Employers in London could receive a visit from the police if their company car drivers are caught using a mobile phone at the wheel, under a new scheme devised by the London Metropolitan Police and Transport for London. But some employers claim they are being unfairly treated because there is little they can do if their policy on cars and mobile phone use reflects the law and is clear. Nigel Trotman, relationship manager at Whitbread, said: "The problem is we can’t be expected to police our people all the time; what they are doing and where they are doing it. We have a policy laid out, and we tell our people the rules." Lawyers have warned of the dangers of not having a strict policy on mobile phone use.
David Whincup, partner and head of London human capital department at law firm Hammonds, said: "Employers need to reiterate the terms in the policy on this, and then enforce it. You can have the best policy in the world, but if you don’t make it clear to staff you are undermining what you have done." Employers have also been urged to ensure their health and safety policies, particularly around fleets, are watertight following the publication of the draft Corporate Manslaughter Bill.
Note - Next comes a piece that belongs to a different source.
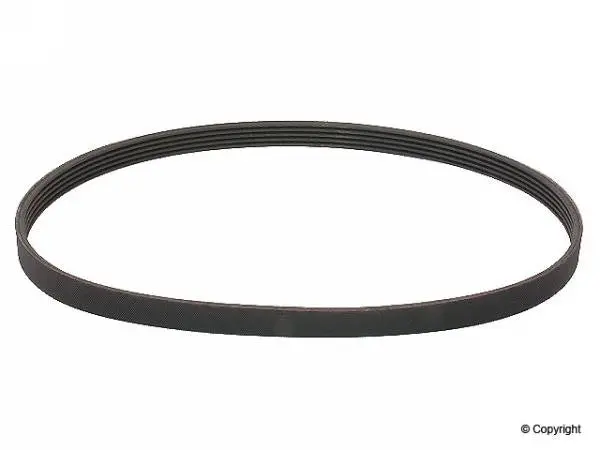 Porsche Alternator Fan Belt 1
The Bill, which has been presented to the House of Commons and is due to be debated for the first time on 10 October, proposes to clamp down on companies that do not appear to take the health and safety of workers seriously. It allows courts, when assessing a case, to consider the overall company’s treatment of employees, rather than focusing on one guilty individual. The proposal will pile more pressure on employers to either create new policies or review their existing ones. Roy Thornley, corporate manslaughter consultant, explained: "Fleet managers especially will have to look at a whole range of issues, including working excess hours behind the wheel, because the old adage ‘profit over safety’ will need reviewing."